Aborto
y deseo
Max
Silva Abbott | msilva@ucsc.cl Como
siempre, el reflotamiento del aborto terapéutico en Chile ha abierto
una honda polémica. En
efecto, como es sabido, dos senadores, uno de oposición y otro de
gobierno, han presentado un proyecto en tal sentido, para “casos
acotados”, como por ejemplo, cuando el feto no sea viable, o cuando
por el uso de diversos fármacos o de intervenciones quirúrgicas
consideradas indispensables para salvar la vida de la madre, se produzca
la muerte del concebido. En ambos casos debe existir, además, una
certificación de tres especialistas. Ahora
bien, al margen de algunos aspectos terminológicos que pueden dar
origen a malos entendidos, en virtud de las denominadas “acciones de
doble efecto” (como por ejemplo, llamar “aborto” a la muerte del
feto provocada por acciones inevitables ejercidas sobre la madre que
como consecuencia –no como medio ni como fin buscado– también
inevitable, producen el deceso del no nacido), al menos hay que hacer
dos observaciones. La
primera –basta observar lo que ha ocurrido en tantos países–, es
que pese a todas las amarras y prevenciones que se prometen para
introducir la así llamada “interrupción del embarazo”, a la
postre, inevitablemente la noción de “salud” de la madre se va
haciendo cada vez más laxa, al punto que al final, prácticamente
cualquier aborto termina siendo considerado “terapéutico”. La
segunda es más grave: que en muchos casos, tal como pretende este
proyecto, la decisión de poner fin a la vida del concebido depende del
simple “deseo” de su madre, aunque se requieran ciertos requisitos
para poder justificar dicho “deseo”. Lo
anterior es grave, se insiste, porque en el fondo, equivale a hacer
depender el valor de la vida de alguien no de una cualidad propia o intrínseca
suya (su sola pertenencia a la especie humana), sino de los deseos o
sentimientos de otros. Es decir, se pasa desde un criterio objetivo
(algo tan evidente como la calidad de ser humano del no nacido), a una
consideración absolutamente subjetiva (el malestar o “violencia”

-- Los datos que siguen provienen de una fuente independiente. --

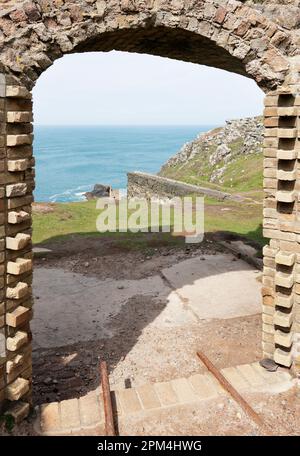 Rovine della miniera di Botallack, costa settentrionale del Kernow (Cornovaglia), Regno Unito Foto Stock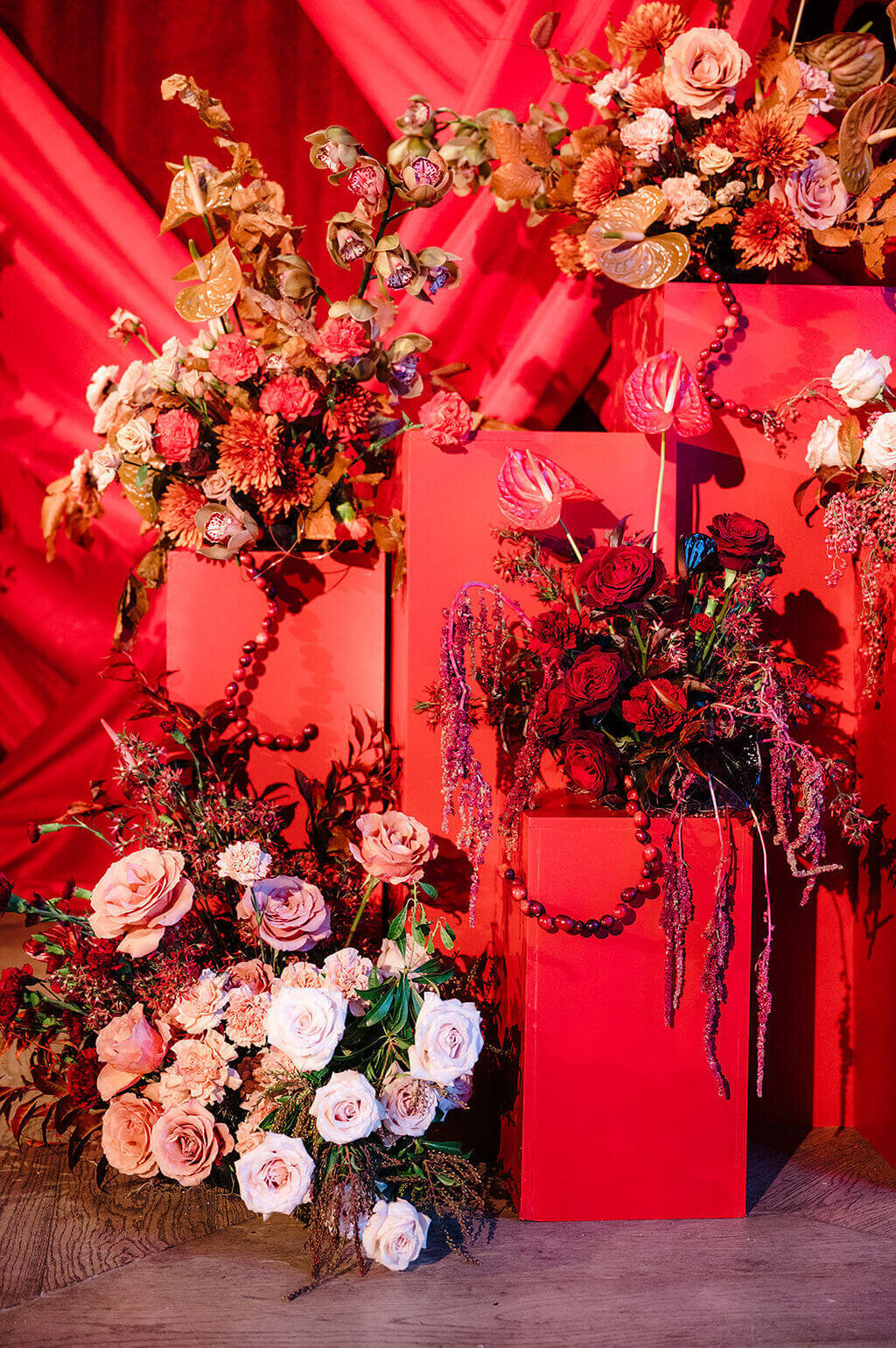 01.monochromatic-red-event-gala-dinner-social-event-modern-vintage-events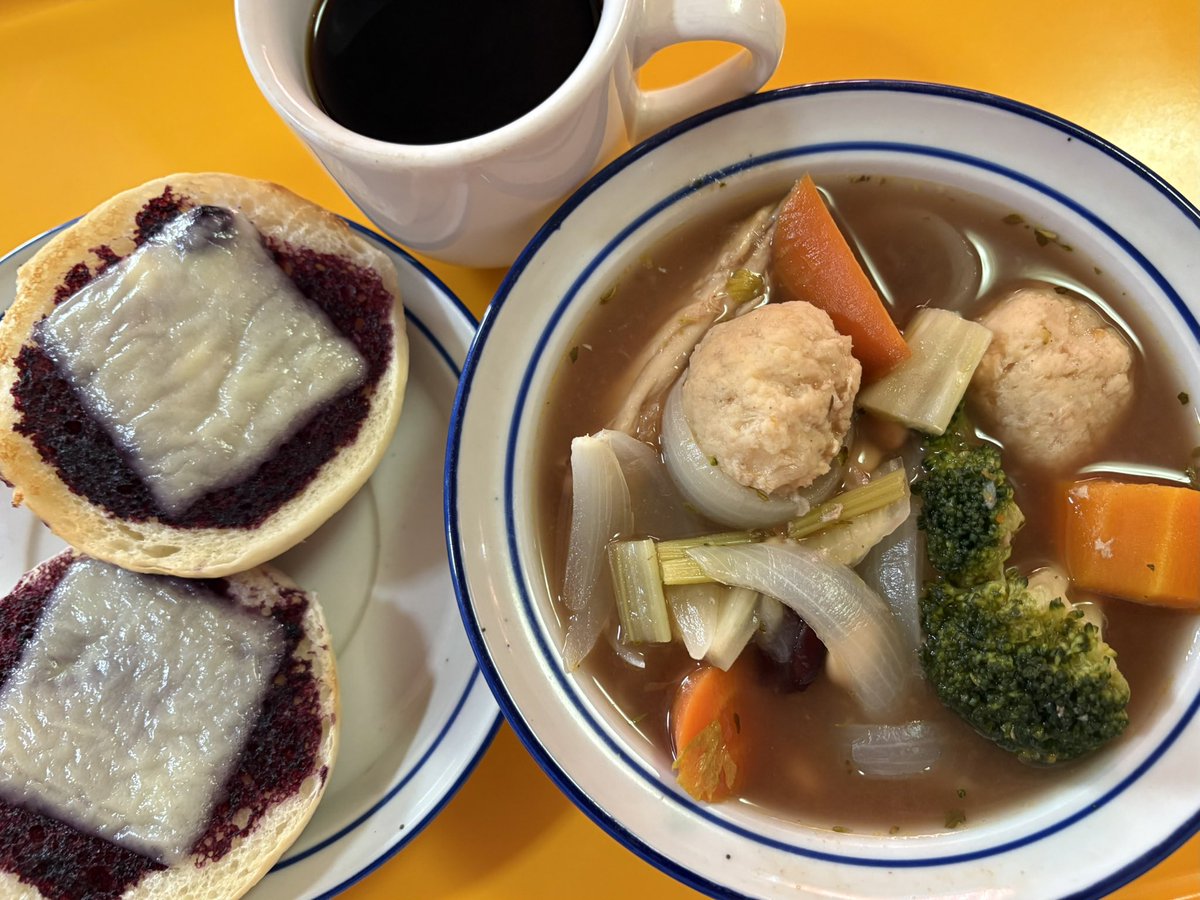 nankin007's tweet photo. #食事記録 20250915（月）
① #朝食
　#定番 #朝スープ
　#チーズトースト 
　#BKコーヒー
② #タコキット があれば
　　#タコス 🌮は簡単❣️
③ #昼食
　#敬老の日 スペシャルタコスパーティ
　#ノンアルコールビール
④ タコシェルをトルティーヤで包むように食べます。
⑤ #夕食　#素麺 
　#味噌汁 https://t.co/OXoJwP8jog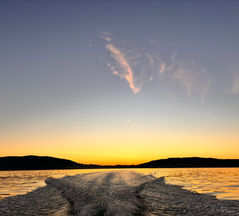 Puesta del sol desde el mar con Atlantis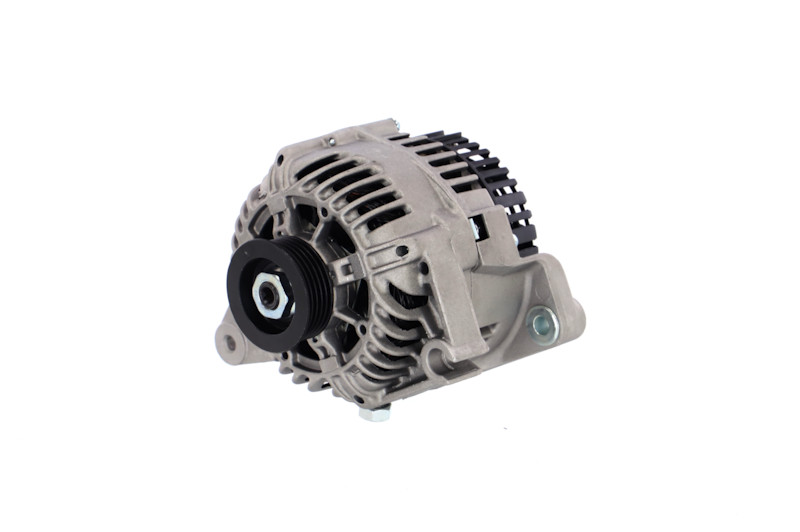 011-003-000241R REMANTE 5705HV Lichtmaschine
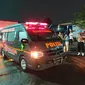 Mobil ambulans membawa jenazah Vanessa Angel berangkat ke Jakarta. (dian Kurniawan/Liputan6.com)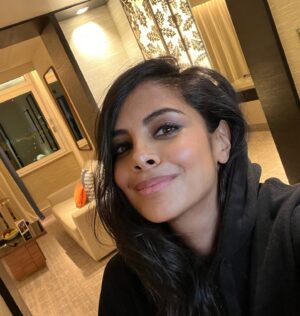 Collien Ulmen-Fernandes Instagram - Wohlverdienter Feierabend! 

Gerade in der Produktion für ein fantastisches neues Format, bei dem ich auch heute mal wieder wahnsinnig viel lernen und so spannende neue, wissenschaftliche Studien kennen lernen durfte..
Very excited! 🤗 
Mehr dazu dann im Sommer! 

Und bei Euch so?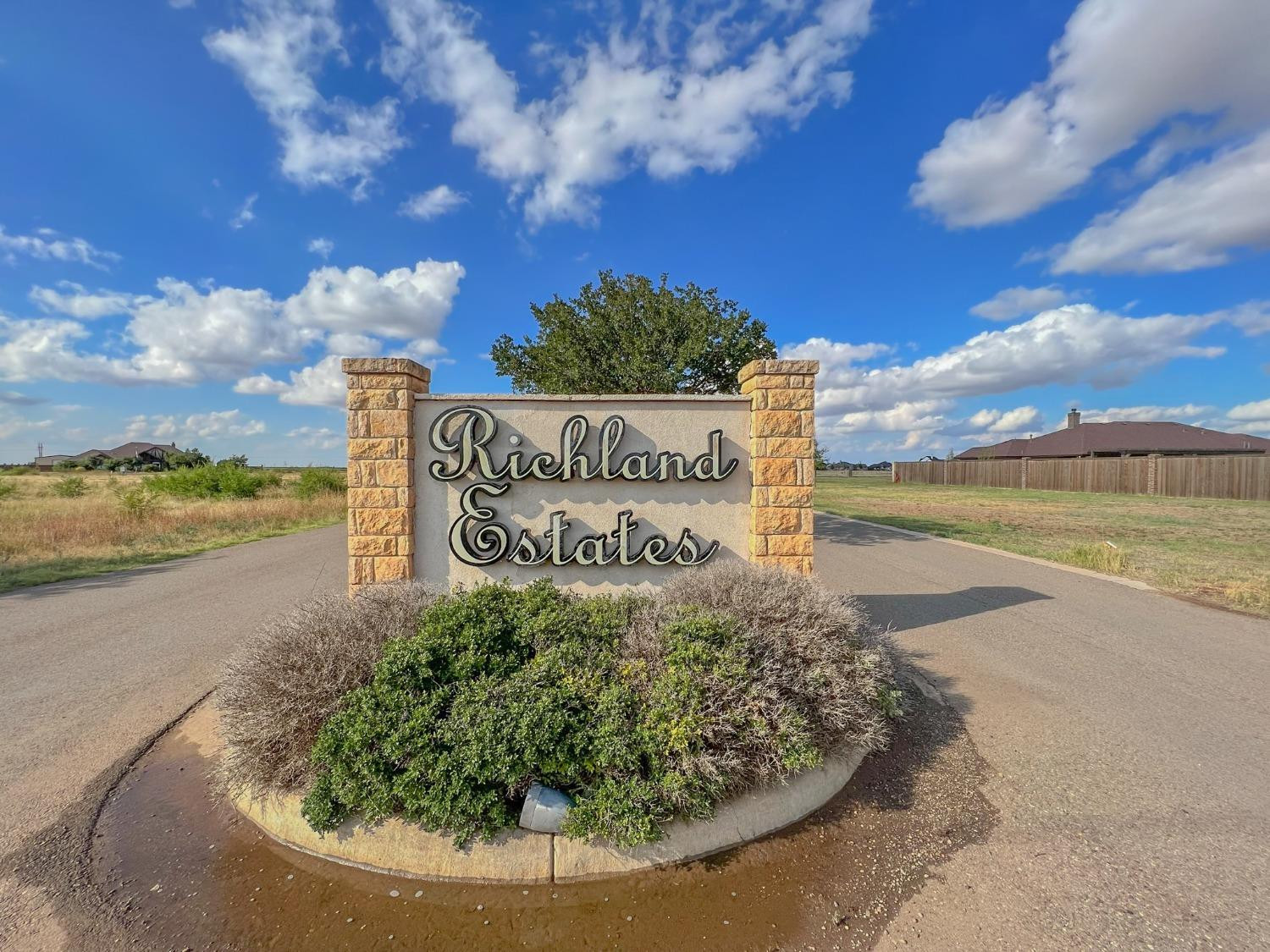 6787 Trump Court Property Photo 2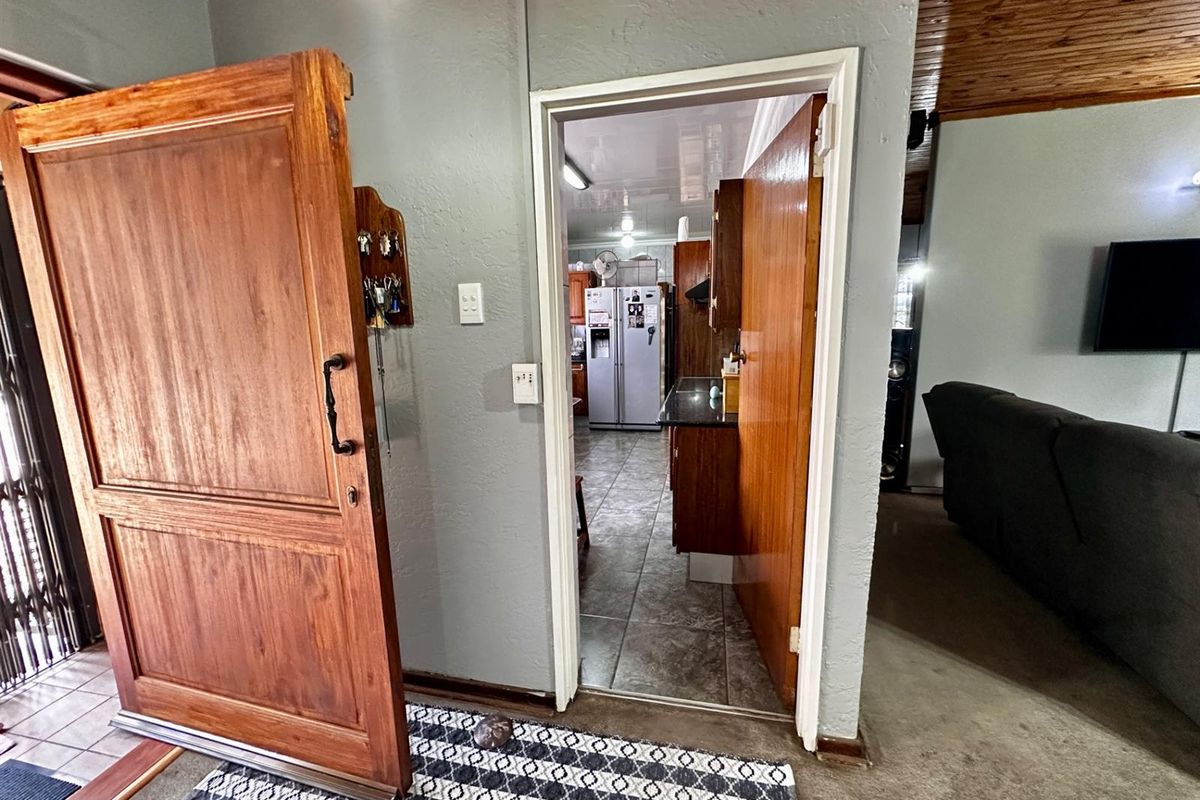 House For Sale in Murrayfield, Pretoria - Photo 5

que puede sentir la madre del niño inviable), sin darnos cuenta de lo
peligroso e injusto que resulta un criterio semejante. En
efecto, este mismo criterio es el que subyace muchas veces en la
eutanasia (“¿para qué seguir con el tratamiento si va a morir
igual?”), con lo cual se introduce un poder de decisión ilegítimo de
unos sobre otros; ilegítimo, porque equivale a cosificar a esa persona,
que deja de valer por sí misma y pasa a depender de lo que sus
semejantes consideren a su respecto. No
otra cosa explica, por ejemplo, los aberrantes casos de eutanasia
infantil que ya se registran en Holanda, puesto que si la vida depende
de su “apreciación” por otros, ¿por qué limitar su disponibilidad
sólo a los no nacidos? Por
eso, ¿hemos pensado realmente a dónde podríamos llegar por este
camino?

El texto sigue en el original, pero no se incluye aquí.